Woche 5 vom 30. Januar bis zum 5. Februar 2017

  • Der kleine Bruder und die Begleitperson haben sowieso keine Vorfahrt, da sie an Kreuzungen absteigen müssen.
    Aber auf mich sollte man in diesem Fall wahrscheinlich sowieso nicht hören. Ich finde ja auch nach wie vor, dass Geisterradler eigentlich grundsätzlich keine Vorfahrt vor irgendwas haben sollten.

    Also ein ganz klein wenig liest sich die Geschichte so, als ob die Urteile ohne zahlende Haftpflichtversicherung des Jungen anders ausgefallen wäre.
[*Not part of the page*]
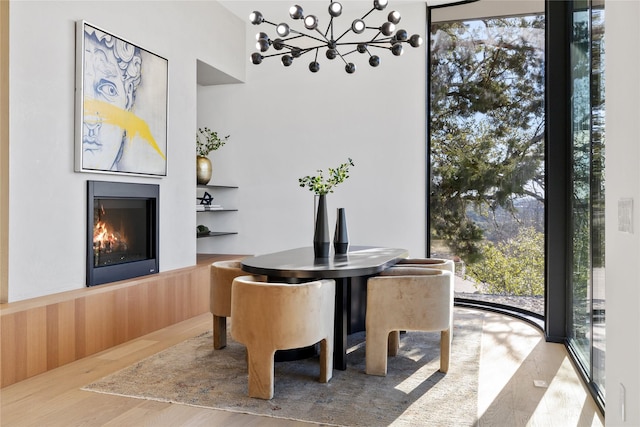 dining room featuring light wood-type flooring, wood walls, and a chandelier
    Mit seiner Berufung verfolgt der inzwischen volljährige Beklagte seine ursprünglichen Anträge auf Klageabweisung aus erster Instanz weiter. Er ist weiterhin der Ansicht, er hafte der Klägerin nicht auf Schadensersatz und Schmerzensgeld, weil der Unfall allein, oder jedenfalls ganz überwiegend, von der Klägerin verschuldet worden sei. Er habe auf dem Gehweg der M‘er Straße die Einmündung der K-straße noch vor der von links herannahenden Klägerin passieren wollen, was ohne Probleme möglich gewesen sei. Nur wegen eines aus der gleichen Richtung schnell herannahenden PKW habe er im Einmündungsbereich anhalten müssen. Die Klägerin sei infolge Unaufmerksamkeit und weil – unstreitig - die Vorderradbremse ihres Fahrrades ohne Funktion gewesen sei, in sein querendes Rad gefahren.

    ...

    Die so erfolgte Benutzung des Gehweges vermittelte dem Beklagten gegenüber der sich auf der Fahrbahn der untergeordneten K-straße auf den Einmündungsbereich zufahrenden Klägerin kein Vorfahrtsrecht (vgl. Hentschel/König/Dauer, Straßenverkehrsrecht, 43. Aufl., § 8 Rn. 30 m.w.N.). Die sich daraus ergebende grundsätzliche Haftung des Beklagten hat der hinter diesem stehende Haftpflichtversicherer vorprozessual anerkannt.
    ...
    Ungeachtet dessen ist nach den den Senat gem. § 529 ZPO grundsätzlich bindenden tatsächlichen Feststellungen des Landgerichts davon auszugehen, dass der Beklagte die K-straße hat überqueren wollen, ohne zuvor anzuhalten und sich davon zu vergewissern, dass dies gefahrlos möglich war. Hierbei konnte sich das Landgericht auf die Angaben des Beklagten im Rahmen seiner persönlichen Anhörung stützen, die im Widerspruch zu dem schriftsätzlichen Vorbringen standen, wonach der Beklagte sein Fahrrad vor dem Einmündungsbereich angehalten und sich davon überzeugt habe, dass er die Straße gefahrlos überqueren könne. Die erneute Präsentation dieses widerlegten Geschehensablaufs mit der Berufungsbegründung steht weiterhin im Widerspruch zu den Angaben des Beklagten im Rahmen seiner Anhörung, von denen der Beklagte nicht behauptet, dass und aus welchen Gründen diese unzutreffend gewesen sein sollen.
    Mit dem Landgericht hält auch der Senat die Behauptung des Beklagten, er habe im Straßentrichter angehalten, um ein sich von links schnell näherndes Fahrzeug passieren zu lassen, für nicht glaubhaft. Unabhängig davon, dass dieser Verlauf nicht bewiesen ist, entlastete dies den Beklagten nicht. Denn er hätte sich so verhalten müssen, dass er sich zuverlässig über herannahenden Verkehr auf der K-straße einen Überblick verschaffen konnte. Keinesfalls durfte er seine Fahrt fortsetzen, um dann erkennen zu müssen, dass er die Straße vor dem herannahenden PKW nicht würde überqueren können, und durch den Halt ein quer gestelltes Hindernis für den Verkehr auf der K-straße bildete.
    Der im Unfallzeitpunkt 11jährige Beklagte ist für sein Fehlverhalten auch verantwortlich.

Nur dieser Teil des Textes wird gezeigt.